Wenn uns die Inhaltsstoffe (bei eBooks, z.B. die Leseprobe) nicht passen, suchen wir weiter und greifen als nächstes zur zweitinteressantesten Margarine und so weiter und so fort, bis wir gefunden haben, was wir suchen. Und eine Sorte bleibt immer liegen, das kennen wir ja alle. Wenn es ums eigene Buch geht, dann soll das aber bitte nicht die Margarine sein, die noch drei Wochen nach Ablauf des Haltbarkeitsdatums im Regal vor sich hin dümpelt. Dazu hat man zu viel Herzblut, Zeit und Energie in seine Marga – äh, sein Buch investiert, oder etwa nicht?

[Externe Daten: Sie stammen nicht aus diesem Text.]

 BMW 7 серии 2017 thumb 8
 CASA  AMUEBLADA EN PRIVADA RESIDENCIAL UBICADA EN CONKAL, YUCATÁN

Auf der anderen Seite gibt es natürlich noch die Kostenfrage. Gerade als Indie-Autor, der vielleicht am Anfang seiner Karriere steht und sich unsicher ist, ob er genug Geld damit verdient, ist es schwer zu sagen: ich investiere in einen Profi.

Ich habe lange darüber nachgedacht und nach Möglichkeiten und Lösungen gesucht. Dazu muss ich sagen: Bilder liegen mir am Herzen. Ich bin Illustrator aus Überzeugung, nicht weil man damit reich werden kann. Wenn ich manchmal auf Amazon “blättere” dreht sich mir das Herz um, was manche Autoren ihren Büchern durch die Cover antun. Dann möchte ich sagen: “Komm her, ich mach das umsonst für dich, nur bitte quäl’ deine Geschichte nicht so!” Natürlich würde ich innerhalb von ein paar Wochen bei Aldi an der Kasse sitzen müssen, aber das hält meine Finger nicht davon ab, gelegentlich mal zu jucken.

Ich habe schließlich eine recht schöne Lösung gefunden, denke ich, indem ich auf meiner Homepage unter anderem vorgefertigte eBook – Cover zu günstigen Preisen anbiete.

Für diejenigen, die sich doch einmal selbst daran wagen wollen, habe ich einen kleinen Ratgeber geschrieben (gibt’s auf Amazon für 99 Cent), damit wenigstens die größten Fehler vermieden werden können und der Autor ein Gefühl bekommt für das, was wichtig ist an seinem höchstpersönlichen Cover. Es ist keine Schritt-für Schritt-Anleitung sondern wirklich ein Ratgeber mit Tips. Am Ende ist ein Code, mit dem kann man sich bei mir melden und mir sein Cover mal zeigen. Dann schau ich mir das an und zeige eventuelle Schwachstellen auf, oder gebe sonstige Ratschläge.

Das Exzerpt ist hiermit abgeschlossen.